• How to complete this task: Find the line containing "Bureau moderne aux" in the records below. Copy exactly that line and each one after it, ending at the line containing "Andrea Cueli en", and nothing more.

Extracted data entries:

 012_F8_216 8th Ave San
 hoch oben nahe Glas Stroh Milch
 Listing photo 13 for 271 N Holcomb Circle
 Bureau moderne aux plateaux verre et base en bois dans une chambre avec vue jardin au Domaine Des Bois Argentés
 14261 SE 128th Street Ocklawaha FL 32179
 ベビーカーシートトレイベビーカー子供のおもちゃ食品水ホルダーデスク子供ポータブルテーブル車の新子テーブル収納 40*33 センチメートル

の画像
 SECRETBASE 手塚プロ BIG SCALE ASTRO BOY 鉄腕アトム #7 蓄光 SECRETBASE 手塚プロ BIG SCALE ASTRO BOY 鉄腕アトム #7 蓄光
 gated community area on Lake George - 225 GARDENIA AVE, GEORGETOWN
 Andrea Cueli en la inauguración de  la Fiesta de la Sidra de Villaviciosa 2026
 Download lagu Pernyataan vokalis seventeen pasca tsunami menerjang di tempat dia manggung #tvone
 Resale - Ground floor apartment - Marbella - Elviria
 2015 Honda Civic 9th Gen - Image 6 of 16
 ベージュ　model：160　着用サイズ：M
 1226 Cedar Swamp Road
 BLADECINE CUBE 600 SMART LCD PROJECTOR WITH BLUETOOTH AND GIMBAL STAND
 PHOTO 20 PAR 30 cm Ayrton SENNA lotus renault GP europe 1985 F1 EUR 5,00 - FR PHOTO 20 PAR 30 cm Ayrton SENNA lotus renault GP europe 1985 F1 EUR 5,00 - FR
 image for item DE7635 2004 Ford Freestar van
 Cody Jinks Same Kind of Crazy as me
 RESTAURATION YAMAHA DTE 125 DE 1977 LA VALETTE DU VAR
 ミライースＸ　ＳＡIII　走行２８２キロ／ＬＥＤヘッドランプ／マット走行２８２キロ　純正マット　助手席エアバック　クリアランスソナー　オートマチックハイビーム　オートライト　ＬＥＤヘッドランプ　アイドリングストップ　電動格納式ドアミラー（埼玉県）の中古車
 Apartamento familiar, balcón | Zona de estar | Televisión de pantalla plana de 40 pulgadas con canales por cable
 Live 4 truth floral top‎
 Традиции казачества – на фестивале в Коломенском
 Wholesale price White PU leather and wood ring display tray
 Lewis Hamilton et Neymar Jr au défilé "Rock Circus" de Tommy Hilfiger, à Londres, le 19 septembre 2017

• Response to this exercise:
 Bureau moderne aux plateaux verre et base en bois dans une chambre avec vue jardin au Domaine Des Bois Argentés
 14261 SE 128th Street Ocklawaha FL 32179
 ベビーカーシートトレイベビーカー子供のおもちゃ食品水ホルダーデスク子供ポータブルテーブル車の新子テーブル収納 40*33 センチメートル

の画像
 SECRETBASE 手塚プロ BIG SCALE ASTRO BOY 鉄腕アトム #7 蓄光 SECRETBASE 手塚プロ BIG SCALE ASTRO BOY 鉄腕アトム #7 蓄光
 gated community area on Lake George - 225 GARDENIA AVE, GEORGETOWN
 Andrea Cueli en la inauguración de  la Fiesta de la Sidra de Villaviciosa 2026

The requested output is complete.